Sono tre egiziani e un cingalese, riconosciuti dai migranti sbarcati dalla Diciotti e trasferiti a Messina nell'hotspot di Bisconte. Nel provvedimento del giudice, il racconto dell'orrore nei campi di raccolta libici e della traversata.
Rimangono dietro le sbarre del carcere di Gazzi i quattro scafisti fermati dalla Polizia una volta sbarcati dalla Diciotti, la nave della Guardia Costiera che la notte del 16 agosto ha salvato quasi 200 migranti nel Mediterraneo.
Il Gip Tiziana Leanza, dopo averli interrogati, ha emesso ordinanza in carcere per tre egiziani e un cingalese, che hanno tra i 23 e 39 anni.
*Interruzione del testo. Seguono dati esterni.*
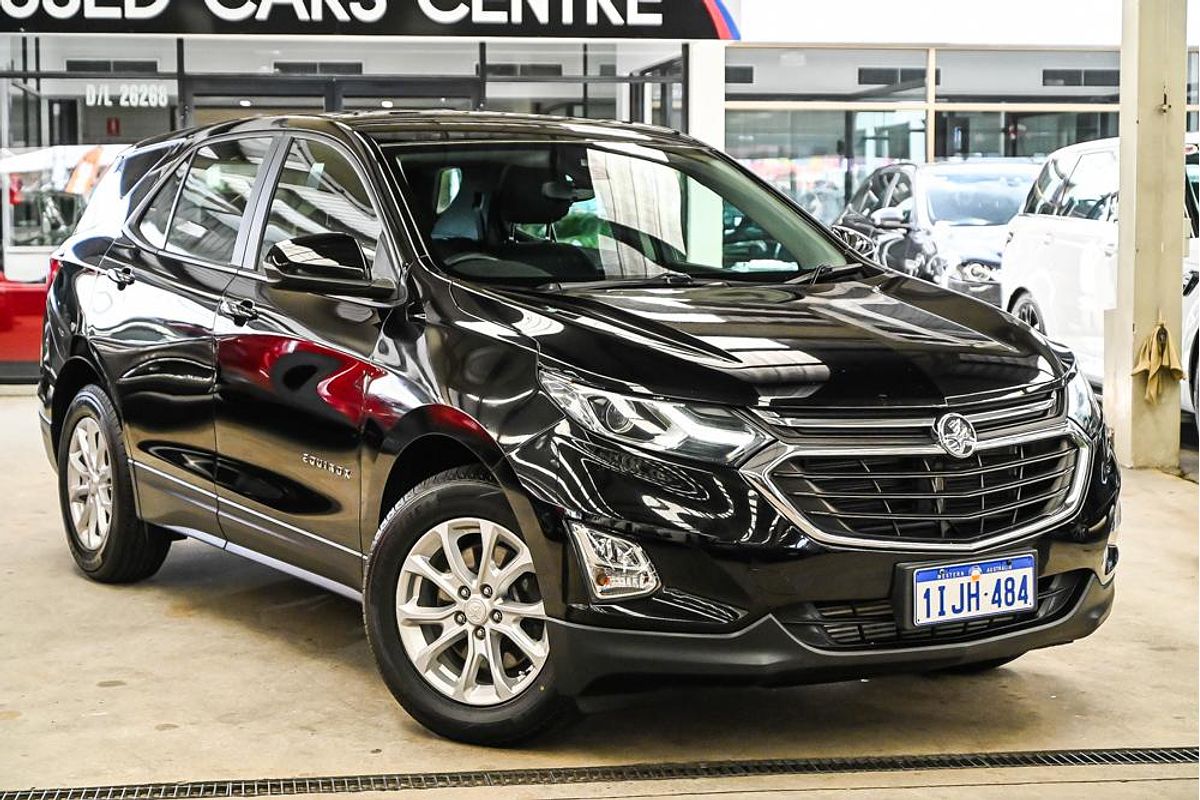 2018 Holden Equinox LS+ EQ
Sono accusati di associazione finalizzata alla tratta di persone, violenza sessuale, favoreggiamento dell’immigrazione clandestina e procurato ingresso illecito. Secondo il Giudice fanno parte dell’organizzazione di Abdisalem, che gestisce i campi sulle coste libiche dove i migranti vengono raccolti e rinchiusi anche per mesi, prima della traversata.
Contro di loro ci sono i racconti degli altri migranti sbarcati dalla Diciotti. Nel provvedimento, il giudice riporta in parte le loro dichiarazioni, tristemente simili a quelle di tutti gli altri migranti soccorsi nel canale di Sicilia, che raccontano di un viaggio della speranza pagato tra i 2 mila e le 4 mila euro a testa, su barconi di legno o gommoni di fortuna. Un viaggio proceduto dalla permanenza nei campi di tortura nei pressi di Bine Walid.
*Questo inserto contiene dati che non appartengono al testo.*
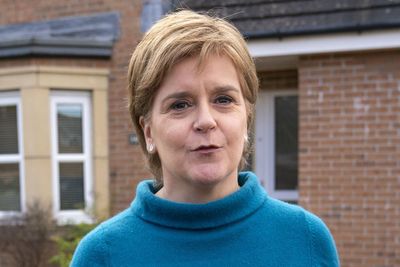 Nicola Sturgeon statement in full following husband’s arrest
I migranti, soprattutto eritrei, hanno raccontato agli uomini della Squadra Mobile di aver visto il capitano, prima della traversata, parlare con i torturatori, sulle coste libiche. Poi tre uomini, egiziani o turchi, di carnagione più chiara rispetto al resto degli imbarcati, entrare ed uscire dalla cabina del capitano durante la traversata.
Alcuni di loro parlavano al telefono con gli organizzatori del viaggio, per informarli costantemente. Uno di loro, raccontano i testimoni, ad un certo punto della traversata ha gettato in acqua la bussola.